The images that open this chapter show two kinds of glowing gas clouds: a planetary nebula and a supernova remnant. (a) Explain what makes the planetary nebula glow and what makes the supernova remnant glow. (Hint: The explanations are different for the two kinds of gas clouds.) (b) Which of these two kinds of gas clouds continues to glow for a longer time? Why?

Short Answer

Expert verified
A planetary nebula glows due to the ionization of the surrounding gas by the ultraviolet light from the central white dwarf. In contrast, a supernova remnant's glow is caused by the ionization of interstellar medium by the shock wave from the supernova explosion. Among those, the supernova remnant glows for a longer time because the propagation of the shock wave covers a much larger distance, thus ionizing and lighting up more material for a longer period.

Step by step solution

01

Understanding what makes planetary nebula glow

A planetary nebula glows because of the ionizing ultraviolet light produced from the hot core of the dying star, also known as the white dwarf.
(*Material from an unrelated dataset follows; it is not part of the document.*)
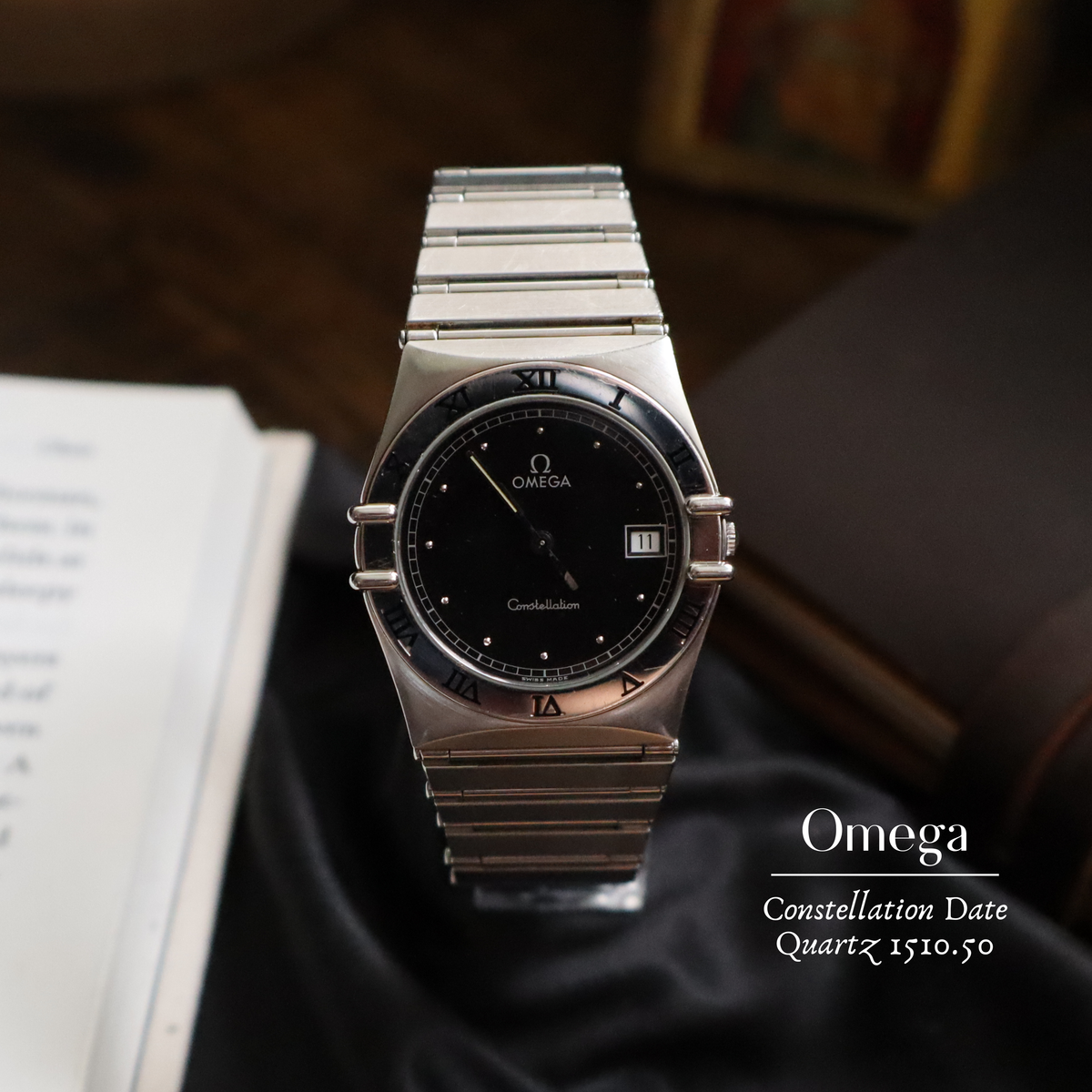 Omega Constellation Date Quartz 1510.50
This high-energy UV-light ionizes the surrounding gas. When these ions recombine with electrons, they emit light in specific colors. For example, if the gas is mostly hydrogen, it will glow red (just like in a neon advertising board).
02

Understanding what makes supernova remnant glow

Supernova remnants glow because of the shock wave energy from the supernova explosion itself. When a star explodes, it throws off a massive amount of energy and material outward creating a shock wave. As this shock wave travels through space, it heats and ionizes the surrounding interstellar medium (ISM) causing it to glow.
03

Figuring out which gas cloud glows for a longer time and why

A supernova remnant glows longer than a planetary nebula. This is because the energy driving the glow of a planetary nebula (the hot white dwarf) cools over time, eventually halting the ionization of the gas and thus stopping the glow. In contrast, the energy for a supernova remnant (the shock wave) propagates over a lot larger distance, thus ionizing a greater amount of material and hence lasting for a longer time.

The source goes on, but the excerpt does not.